● TASK OBJECTIVE: Retype the full set of records. Keep every character identical.

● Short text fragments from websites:

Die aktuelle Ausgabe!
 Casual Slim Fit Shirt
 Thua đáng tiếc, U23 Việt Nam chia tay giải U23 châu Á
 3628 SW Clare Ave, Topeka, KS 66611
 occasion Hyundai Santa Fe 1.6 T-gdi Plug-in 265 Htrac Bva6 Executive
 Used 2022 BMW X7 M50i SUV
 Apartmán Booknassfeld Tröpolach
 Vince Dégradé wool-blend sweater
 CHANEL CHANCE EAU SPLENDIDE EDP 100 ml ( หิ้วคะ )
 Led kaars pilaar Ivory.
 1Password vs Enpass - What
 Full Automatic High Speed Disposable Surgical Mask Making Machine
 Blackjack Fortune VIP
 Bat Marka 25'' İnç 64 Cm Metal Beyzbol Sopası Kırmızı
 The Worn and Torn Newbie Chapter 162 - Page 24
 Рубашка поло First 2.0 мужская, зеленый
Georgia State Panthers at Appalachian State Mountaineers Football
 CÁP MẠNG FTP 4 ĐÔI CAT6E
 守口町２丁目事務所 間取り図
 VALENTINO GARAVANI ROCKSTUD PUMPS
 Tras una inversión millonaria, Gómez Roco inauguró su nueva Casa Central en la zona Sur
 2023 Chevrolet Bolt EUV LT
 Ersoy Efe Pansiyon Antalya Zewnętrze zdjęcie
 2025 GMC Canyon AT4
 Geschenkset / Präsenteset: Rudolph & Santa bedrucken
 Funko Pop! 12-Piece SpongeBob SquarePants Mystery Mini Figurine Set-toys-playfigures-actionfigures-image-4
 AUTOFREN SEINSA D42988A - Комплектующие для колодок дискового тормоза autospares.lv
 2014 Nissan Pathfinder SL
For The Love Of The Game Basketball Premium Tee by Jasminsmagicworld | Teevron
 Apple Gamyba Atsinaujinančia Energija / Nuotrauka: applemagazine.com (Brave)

● ANSWER SECTION:
Die aktuelle Ausgabe!
 Casual Slim Fit Shirt
 Thua đáng tiếc, U23 Việt Nam chia tay giải U23 châu Á
 3628 SW Clare Ave, Topeka, KS 66611
 occasion Hyundai Santa Fe 1.6 T-gdi Plug-in 265 Htrac Bva6 Executive
 Used 2022 BMW X7 M50i SUV
 Apartmán Booknassfeld Tröpolach
 Vince Dégradé wool-blend sweater
 CHANEL CHANCE EAU SPLENDIDE EDP 100 ml ( หิ้วคะ )
 Led kaars pilaar Ivory.
 1Password vs Enpass - What
 Full Automatic High Speed Disposable Surgical Mask Making Machine
 Blackjack Fortune VIP
 Bat Marka 25'' İnç 64 Cm Metal Beyzbol Sopası Kırmızı
 The Worn and Torn Newbie Chapter 162 - Page 24
 Рубашка поло First 2.0 мужская, зеленый
Georgia State Panthers at Appalachian State Mountaineers Football
 CÁP MẠNG FTP 4 ĐÔI CAT6E
 守口町２丁目事務所 間取り図
 VALENTINO GARAVANI ROCKSTUD PUMPS
 Tras una inversión millonaria, Gómez Roco inauguró su nueva Casa Central en la zona Sur
 2023 Chevrolet Bolt EUV LT
 Ersoy Efe Pansiyon Antalya Zewnętrze zdjęcie
 2025 GMC Canyon AT4
 Geschenkset / Präsenteset: Rudolph & Santa bedrucken
 Funko Pop! 12-Piece SpongeBob SquarePants Mystery Mini Figurine Set-toys-playfigures-actionfigures-image-4
 AUTOFREN SEINSA D42988A - Комплектующие для колодок дискового тормоза autospares.lv
 2014 Nissan Pathfinder SL
For The Love Of The Game Basketball Premium Tee by Jasminsmagicworld | Teevron
 Apple Gamyba Atsinaujinančia Energija / Nuotrauka: applemagazine.com (Brave)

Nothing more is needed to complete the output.